Materialism has become a rather dirty word, principally through its connection to consumerism. Indeed materialism seems to have become so thoroughly conflated with consumerism as to be wholly indistinguishable. For example, in the study, Changes In Materialism, Changes In Psychological Well-Being: Evidence For Three Longitudinal Studies & An Intervention Experiment, the authors write: “Studies 1, 2, and 3 examined how changes in materialistic aspirations related to changes in well-being, using varying time frames (12 years, 2 years, and 6 months), samples (US young adults and Icelandic adults), and measures of materialism and well-being.”

It would be mistaken to conflate a philosophy of materialism, with mere consumerism as behavioral practice. I am not here suggesting that this is what the authors of the document have done (indeed, it appears as if they are simply using ‘materialism’ as a placeholder for ‘material object; principally, those objects manufactured and distributed in modern western society’), however, at first glance, it is difficult to tell and this is the crux of the problem.
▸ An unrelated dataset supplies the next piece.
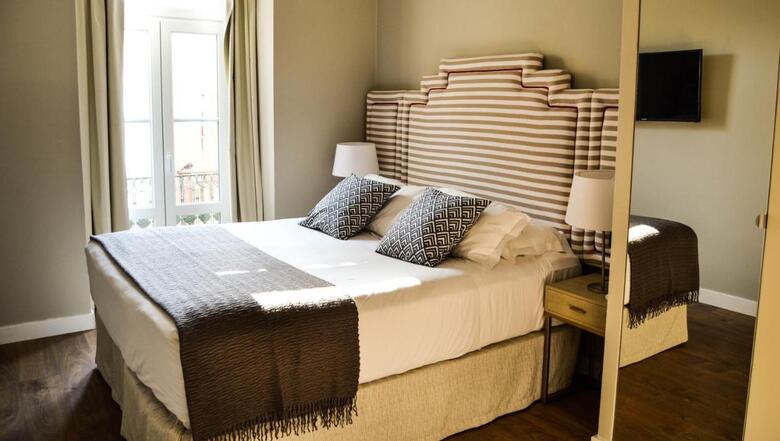 Bed & Breakfast Bairro Alto Suites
When one word is conflated with another, after a sufficient period of usage the two become implicitly associated, regardless of whether they are actually interlaced in any meaningful way. Thus, when one deploys the term ‘consumerism’ one instantly thinks of ‘materialism’ and vice-versa. This, I shall argue, is wholly mistaken; however, before proceeding, let us define our terms.

Consumerism is a term which rose to prominence in the 20th Century with the advent of mass production and denotes a social order wherein goods are purchased and used (‘consumed’) in ever increasing quantities. It has a few other more technical definitions, however, this is generally the explicit meaning of the term when it is negatively deployed (and it is almost always negatively deployed, at least, as of this writing, though positive variations of the term were used, such as by J. S. Bugas who deployed the word to refer to consumer sovereignty). In this negative characterization, consumerism is keeping-up-with-the-Jones or Patrick Batemanism — normative behaviors which privilege non-noetic objects over noetic ones with the exception of the referent consumer (the individual who is consuming the non-noetic objects, who naturally does so, not because they care solely about the objects themselves, but because they gain something from the consumption of those objects).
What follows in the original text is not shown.